**Assigned task**
Make an exact copy of all the records that follow, apart from the pictures.

**Records for the task**
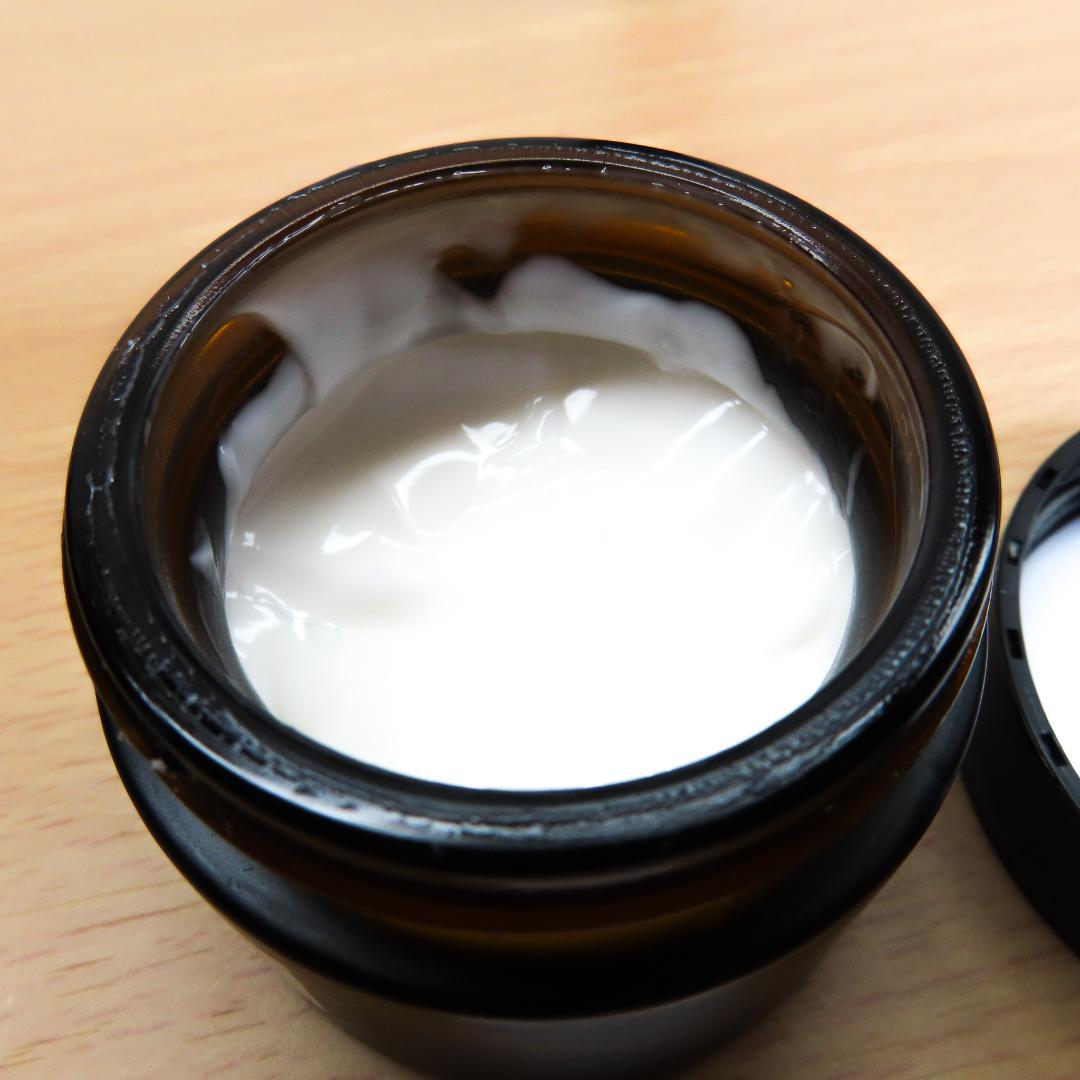 【中古】N organic Vie　６点セット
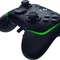 Геймпад Razer Wolverine V2 Chroma (RZ06-04010100-R3M1) USB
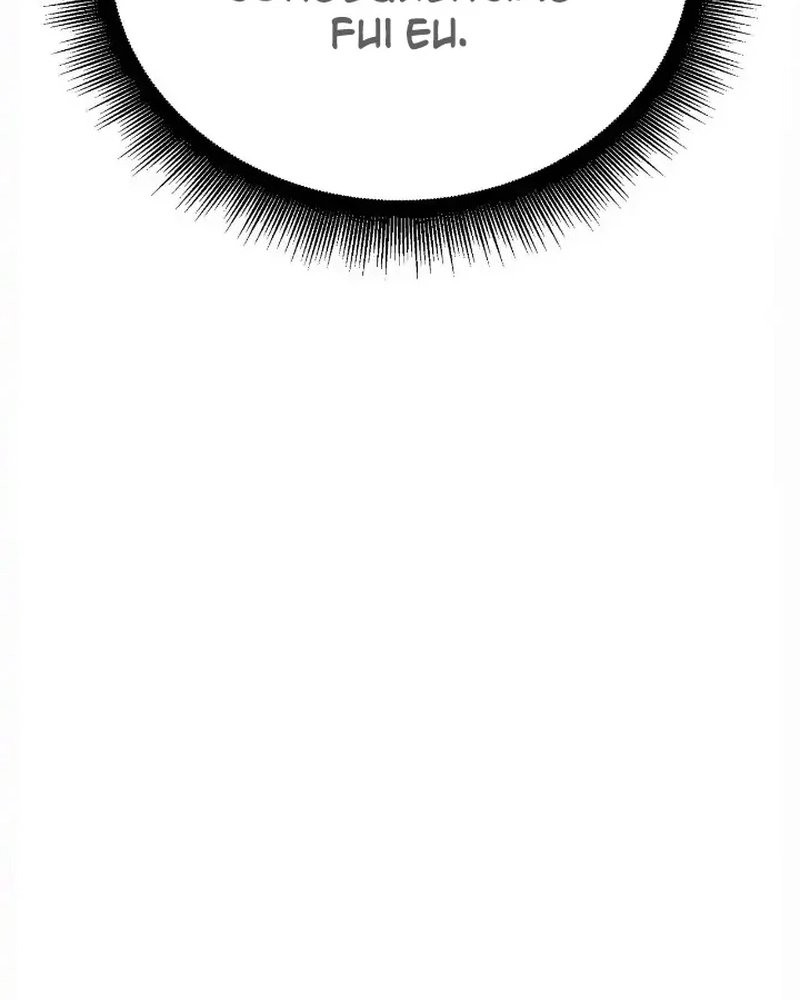 A Vida De Uma Artista De Webtoon Capitulo 10 Pagina 42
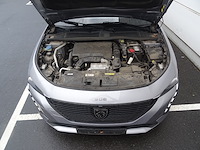 Peugeot 308 - afbeelding 9 van  17
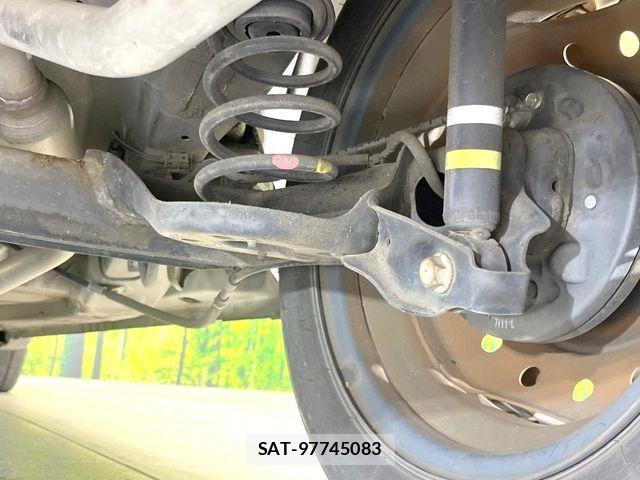 Suzuki WAGON R 2017-11 7503821-19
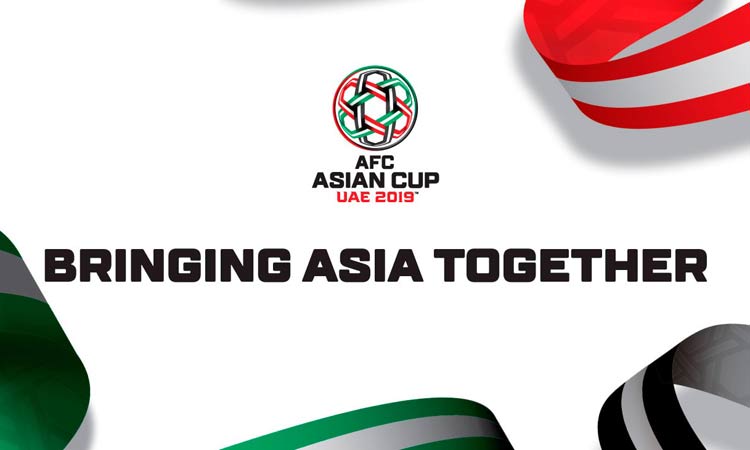 asia-cup-football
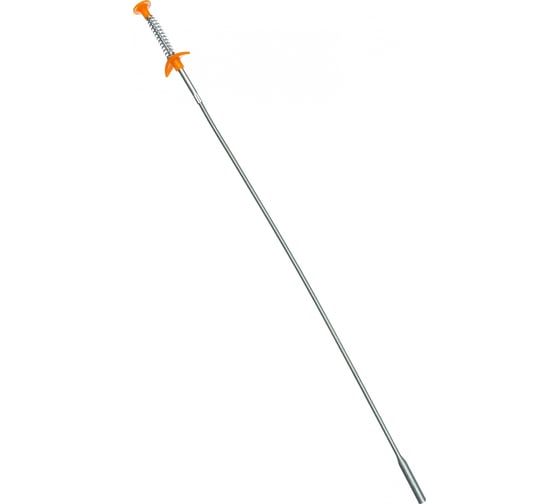 Изображение товара Механический захват на гибком стержне МАСТАК 191-00620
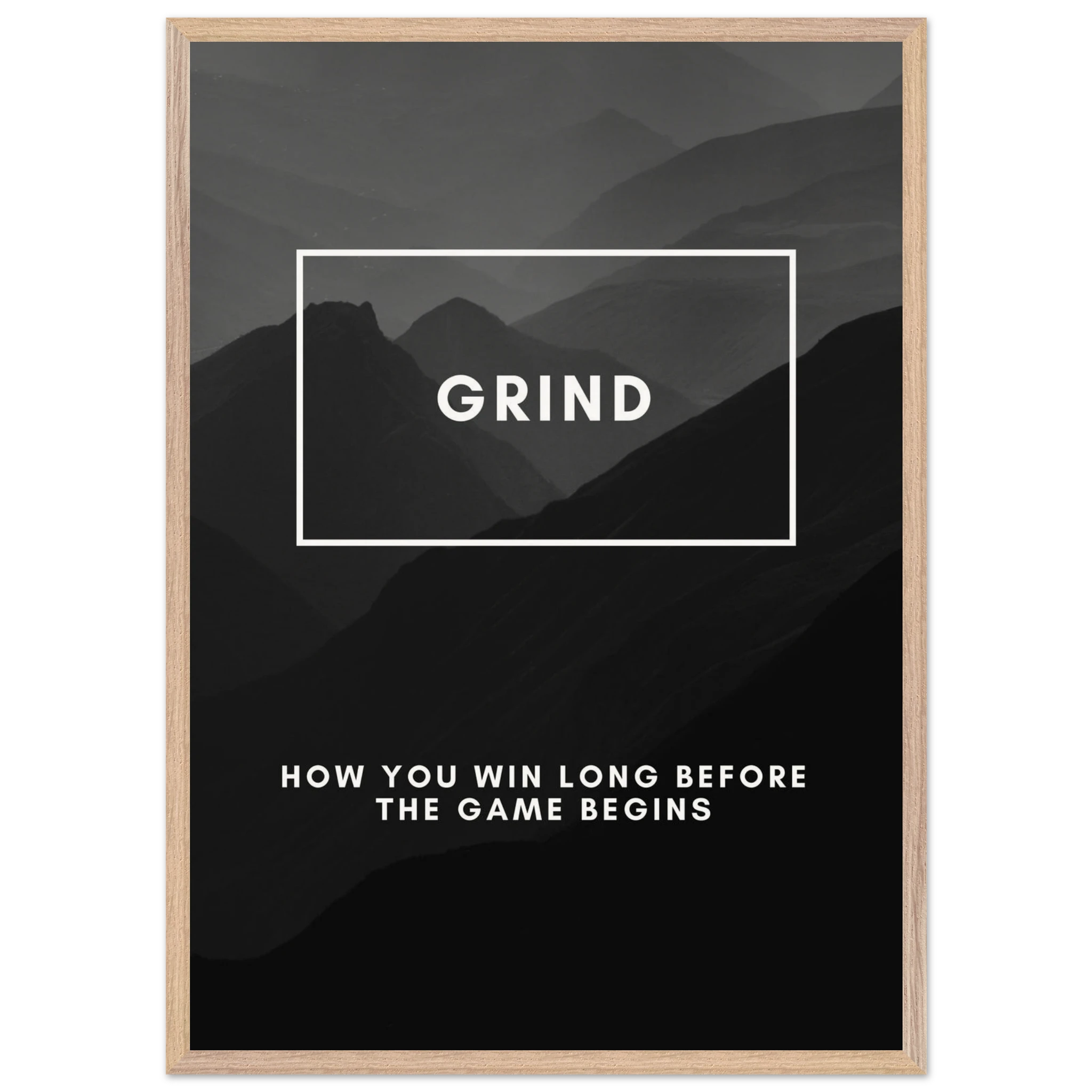 923501d0-6289-4c8f-812c-ce04488a3fe0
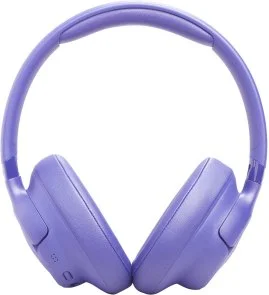 Фото: Навушники JBL Tune 730BT Lavender (JBLT730BTLAV) № 2 | KTC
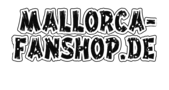 mallorca-fanshop.de icon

**Result of the exercise**
 【中古】N organic Vie　６点セット
 Геймпад Razer Wolverine V2 Chroma (RZ06-04010100-R3M1) USB
 A Vida De Uma Artista De Webtoon Capitulo 10 Pagina 42
 Peugeot 308 - afbeelding 9 van  17
 Suzuki WAGON R 2017-11 7503821-19
 asia-cup-football
 Изображение товара Механический захват на гибком стержне МАСТАК 191-00620
 923501d0-6289-4c8f-812c-ce04488a3fe0
 Фото: Навушники JBL Tune 730BT Lavender (JBLT730BTLAV) № 2 | KTC
 mallorca-fanshop.de icon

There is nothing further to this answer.